## WHAT YOU HAVE TO DO:
Please find all lines in the data that hold the string "Black" and copy them.

## RECORDS FOR THIS EXERCISE:

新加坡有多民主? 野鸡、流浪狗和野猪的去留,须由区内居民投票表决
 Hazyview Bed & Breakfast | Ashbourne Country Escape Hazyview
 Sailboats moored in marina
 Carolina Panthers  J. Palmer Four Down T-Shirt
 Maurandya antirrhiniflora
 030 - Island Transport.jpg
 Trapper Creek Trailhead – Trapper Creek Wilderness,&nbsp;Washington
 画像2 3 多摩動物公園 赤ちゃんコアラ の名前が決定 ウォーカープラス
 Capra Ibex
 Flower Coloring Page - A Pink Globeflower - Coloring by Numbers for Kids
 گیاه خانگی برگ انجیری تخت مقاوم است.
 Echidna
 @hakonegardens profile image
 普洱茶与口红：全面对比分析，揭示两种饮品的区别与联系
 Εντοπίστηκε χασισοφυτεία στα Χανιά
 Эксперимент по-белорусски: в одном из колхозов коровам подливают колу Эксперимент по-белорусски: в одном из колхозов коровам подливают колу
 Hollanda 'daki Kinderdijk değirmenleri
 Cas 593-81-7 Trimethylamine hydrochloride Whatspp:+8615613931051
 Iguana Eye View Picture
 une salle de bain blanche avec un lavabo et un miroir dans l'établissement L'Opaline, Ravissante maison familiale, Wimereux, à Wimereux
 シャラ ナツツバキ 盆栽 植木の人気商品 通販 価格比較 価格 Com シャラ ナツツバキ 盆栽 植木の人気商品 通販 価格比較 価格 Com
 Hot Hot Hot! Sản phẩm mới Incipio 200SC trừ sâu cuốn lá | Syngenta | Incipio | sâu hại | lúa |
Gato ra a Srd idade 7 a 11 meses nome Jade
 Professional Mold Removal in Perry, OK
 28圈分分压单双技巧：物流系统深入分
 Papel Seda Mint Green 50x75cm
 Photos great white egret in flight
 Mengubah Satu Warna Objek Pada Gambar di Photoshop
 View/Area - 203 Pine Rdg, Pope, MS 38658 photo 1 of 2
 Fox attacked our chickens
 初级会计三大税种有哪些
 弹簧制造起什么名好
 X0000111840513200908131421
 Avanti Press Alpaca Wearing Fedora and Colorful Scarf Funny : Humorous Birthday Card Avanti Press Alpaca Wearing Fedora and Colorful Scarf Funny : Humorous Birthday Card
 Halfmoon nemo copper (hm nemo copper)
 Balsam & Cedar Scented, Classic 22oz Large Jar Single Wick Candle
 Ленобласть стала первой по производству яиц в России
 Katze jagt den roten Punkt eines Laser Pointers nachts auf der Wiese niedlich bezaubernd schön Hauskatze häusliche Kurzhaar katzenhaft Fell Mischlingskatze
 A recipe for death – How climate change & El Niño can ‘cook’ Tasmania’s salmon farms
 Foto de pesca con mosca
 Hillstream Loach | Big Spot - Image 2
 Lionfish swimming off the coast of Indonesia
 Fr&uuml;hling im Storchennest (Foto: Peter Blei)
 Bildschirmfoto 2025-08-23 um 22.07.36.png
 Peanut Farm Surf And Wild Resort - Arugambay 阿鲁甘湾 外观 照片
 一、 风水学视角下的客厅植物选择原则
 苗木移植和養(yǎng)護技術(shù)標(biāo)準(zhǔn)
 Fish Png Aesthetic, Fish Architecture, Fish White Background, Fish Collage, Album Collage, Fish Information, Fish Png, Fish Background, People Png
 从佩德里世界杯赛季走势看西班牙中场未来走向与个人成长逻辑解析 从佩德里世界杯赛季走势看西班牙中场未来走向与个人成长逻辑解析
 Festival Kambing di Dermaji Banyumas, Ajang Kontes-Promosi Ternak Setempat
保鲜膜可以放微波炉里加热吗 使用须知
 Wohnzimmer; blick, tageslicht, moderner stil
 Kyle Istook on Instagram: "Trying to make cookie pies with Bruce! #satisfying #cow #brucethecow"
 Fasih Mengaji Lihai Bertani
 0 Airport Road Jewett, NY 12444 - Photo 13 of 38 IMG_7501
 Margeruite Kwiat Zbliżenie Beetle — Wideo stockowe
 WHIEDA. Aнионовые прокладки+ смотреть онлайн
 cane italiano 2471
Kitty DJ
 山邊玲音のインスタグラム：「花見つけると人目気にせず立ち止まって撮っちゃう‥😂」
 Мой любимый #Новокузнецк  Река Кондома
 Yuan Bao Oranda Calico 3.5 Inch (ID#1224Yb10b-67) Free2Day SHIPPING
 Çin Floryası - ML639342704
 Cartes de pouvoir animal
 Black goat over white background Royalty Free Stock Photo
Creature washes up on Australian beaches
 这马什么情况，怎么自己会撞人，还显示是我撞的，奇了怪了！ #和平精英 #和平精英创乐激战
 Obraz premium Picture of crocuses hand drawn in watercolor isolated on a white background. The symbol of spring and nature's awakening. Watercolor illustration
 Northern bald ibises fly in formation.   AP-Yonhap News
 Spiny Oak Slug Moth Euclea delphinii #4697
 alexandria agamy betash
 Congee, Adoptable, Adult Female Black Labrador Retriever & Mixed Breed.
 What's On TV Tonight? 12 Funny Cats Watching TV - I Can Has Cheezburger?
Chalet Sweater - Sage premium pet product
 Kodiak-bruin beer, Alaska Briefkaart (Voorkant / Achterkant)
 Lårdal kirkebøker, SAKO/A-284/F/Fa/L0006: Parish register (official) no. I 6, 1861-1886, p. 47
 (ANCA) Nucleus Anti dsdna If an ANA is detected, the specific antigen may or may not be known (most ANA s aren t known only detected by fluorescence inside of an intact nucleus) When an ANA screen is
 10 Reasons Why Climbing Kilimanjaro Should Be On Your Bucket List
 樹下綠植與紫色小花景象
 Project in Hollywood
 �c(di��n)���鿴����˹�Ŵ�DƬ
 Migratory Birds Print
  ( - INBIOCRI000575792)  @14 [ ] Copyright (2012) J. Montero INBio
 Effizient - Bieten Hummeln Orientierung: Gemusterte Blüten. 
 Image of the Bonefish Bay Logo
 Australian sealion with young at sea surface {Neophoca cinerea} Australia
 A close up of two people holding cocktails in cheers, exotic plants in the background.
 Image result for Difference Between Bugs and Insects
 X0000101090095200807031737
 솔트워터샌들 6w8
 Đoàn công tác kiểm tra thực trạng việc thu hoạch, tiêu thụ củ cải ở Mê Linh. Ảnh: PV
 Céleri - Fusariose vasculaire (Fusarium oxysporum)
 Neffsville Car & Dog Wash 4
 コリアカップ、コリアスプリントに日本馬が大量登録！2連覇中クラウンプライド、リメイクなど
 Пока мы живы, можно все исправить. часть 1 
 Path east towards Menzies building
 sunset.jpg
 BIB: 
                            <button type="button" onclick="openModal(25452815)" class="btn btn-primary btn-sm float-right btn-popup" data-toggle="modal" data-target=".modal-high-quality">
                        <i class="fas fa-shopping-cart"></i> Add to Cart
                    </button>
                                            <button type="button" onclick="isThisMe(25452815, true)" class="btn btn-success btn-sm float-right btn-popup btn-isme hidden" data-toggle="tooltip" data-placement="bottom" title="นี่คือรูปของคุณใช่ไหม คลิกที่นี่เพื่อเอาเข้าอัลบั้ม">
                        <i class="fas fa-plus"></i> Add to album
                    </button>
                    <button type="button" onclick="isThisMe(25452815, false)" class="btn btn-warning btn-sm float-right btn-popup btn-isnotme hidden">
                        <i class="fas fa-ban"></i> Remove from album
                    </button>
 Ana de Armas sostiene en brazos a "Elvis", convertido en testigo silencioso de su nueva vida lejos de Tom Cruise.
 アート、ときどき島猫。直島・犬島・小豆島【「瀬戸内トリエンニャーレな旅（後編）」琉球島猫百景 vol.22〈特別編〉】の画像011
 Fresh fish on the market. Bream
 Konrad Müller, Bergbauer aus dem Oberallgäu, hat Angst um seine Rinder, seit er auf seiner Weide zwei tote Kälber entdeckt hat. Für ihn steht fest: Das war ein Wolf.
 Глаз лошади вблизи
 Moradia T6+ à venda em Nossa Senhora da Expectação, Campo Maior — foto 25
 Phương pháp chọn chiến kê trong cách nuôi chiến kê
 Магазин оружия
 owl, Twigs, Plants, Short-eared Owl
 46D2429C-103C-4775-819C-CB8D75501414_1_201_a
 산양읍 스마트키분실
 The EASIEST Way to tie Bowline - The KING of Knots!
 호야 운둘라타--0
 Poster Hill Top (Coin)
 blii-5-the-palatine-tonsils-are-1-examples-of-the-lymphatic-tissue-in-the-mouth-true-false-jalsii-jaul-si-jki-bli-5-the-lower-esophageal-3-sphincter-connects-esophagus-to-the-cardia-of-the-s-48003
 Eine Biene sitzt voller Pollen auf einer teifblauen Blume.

## SOLUTION FOR THIS EXERCISE:
 Black goat over white background Royalty Free Stock Photo
 Congee, Adoptable, Adult Female Black Labrador Retriever & Mixed Breed.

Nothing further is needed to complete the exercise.